A "gambling" is going on: if you guess the player, you can get 60 dollars; If you guess wrong, it's nothing.
"If it costs $20, who wants to buy this opportunity?" Burke Robinson asked questions.
This is a course of "Risk Management and Control" in Stanford University. Robinson on the podium is a consultant professor of management science and engineering at Stanford University, a world-class expert in decision-making, and a managing partner of the leading consulting firm StrategicDecisionsGroup. He has rich experience in making business and investment decisions by using the most advanced means.
Sitting under the stage are students from more than 30 countries who have traveled across the ocean to study here. Their brains are entering the tenth stage of decision-making-choice.
Previously, Robinson used coins to explain that decision trees can help realize "decision structure". As for the uncertainty faced by coins, we all know that the success rate is 50. Who wants to pay $20 for this investment opportunity when the coin turns into a pin pointing to a possible tendency?
Bet or not? In this rapidly changing world, it is a cruel "gamble" for enterprises to make choices about the uncertain future.
But no one thought that the first one took out $20 and put it in Robinson's hand; Xiang Xianquan, director of Zhejiang New Taizhou Law Firm, is a senior lawyer who handles economic disputes all the year round.
"Gambling on Thumbnails"
From the coin toss game to the "thumbtack" game, we need to clarify some basic essentials first.
If the maximum profit of playing coins is $60, then participants will face each other with an average profit of $30 according to a 50% probability.

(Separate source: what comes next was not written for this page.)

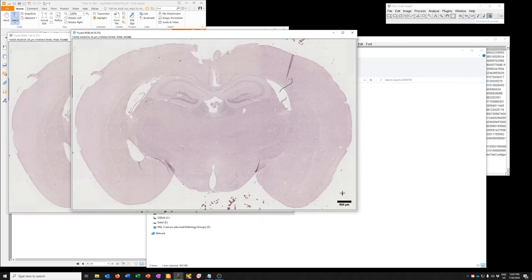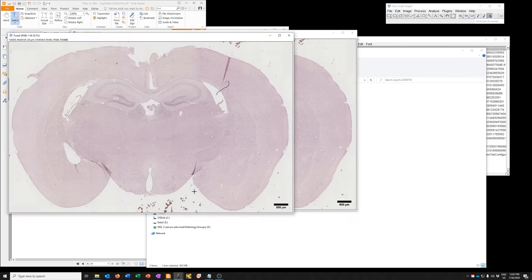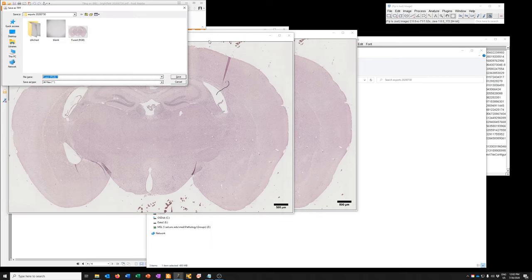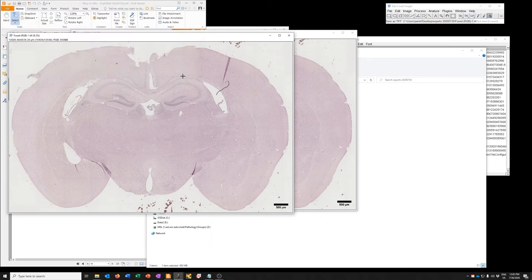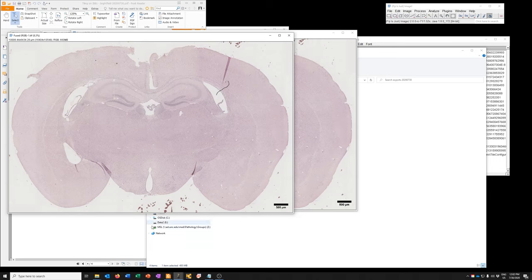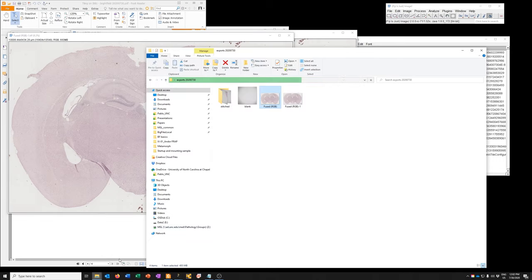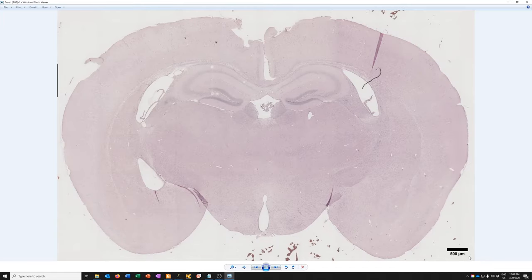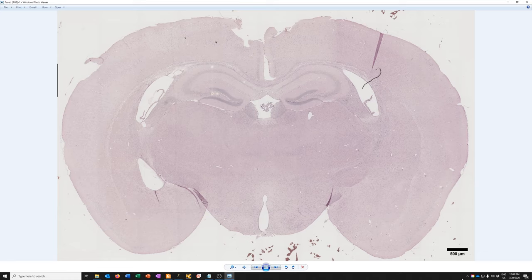Okay, so now this has been embedded into the image. So if I save this one, and then look at that image. If I double click on it, now you can see that the scale bar has been embedded into the image. All right.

But this is only a statistical theoretical calculation, and in real life, unless you can call many times; Otherwise, he will get 60 dollars or nothing.
"Many investment decisions are one-off." Robinson said that this is the risk of the game and the meaning of decision-making. Decision-making is an unchangeable resource allocation. "It is a controllable behavior, but the development and result of events are uncontrollable."
However, the game of "coin toss" is still worth gambling, because compared with the expected value of $30, the participants may still get a return of "+10" at a cost of $20.
But when the investment opportunity changes from a coin to a thumbtack shaking in a cup, things are different. The first difference here is that some people think that the probability of needle direction is still 50%; Some people think that the probability of a certain direction is higher;
In this way, people may stand in three columns: the first column is people who have no idea about the orientation of thumbtacks, and their endings are the same as guessing the orientation of coins, with the probability of being right and wrong being 50% respectively; The second column is people who think the thumbtack is biased, but I don't know why.
Will things be different for them?
You can assume a strong bias first: the pointer is 80% upward; 20% down payment. Then, the probability of participants guessing upwards is 80% times 50% = 40%; The downward guess probability is 20% times 50%= 10%, that is, the guess probability is 50% (that is, 40%+ 10%). In other words, it doesn't matter whether the thumbtack is tilted or not, because the probability of being right or wrong is still 50%.
However, there is a third situation, that is, the subjects think they know what the needle tendency is. This is also the original intention of Xiang Xianquan to stand up and "participate in gambling".
When Robinson asked, "What do you think is the upward trend of the needle?" Answer to the lawyer: "80%."
The audience burst into laughter, but this answer just explains why he rushed so fast-if he thinks he knows where 80% of the needle is inclined, then 60 times 80%=48 dollars, and the expected return value of this opportunity is 48-20 (cost) =28 dollars.
According to this subjective probability+term, there are indeed many opportunities.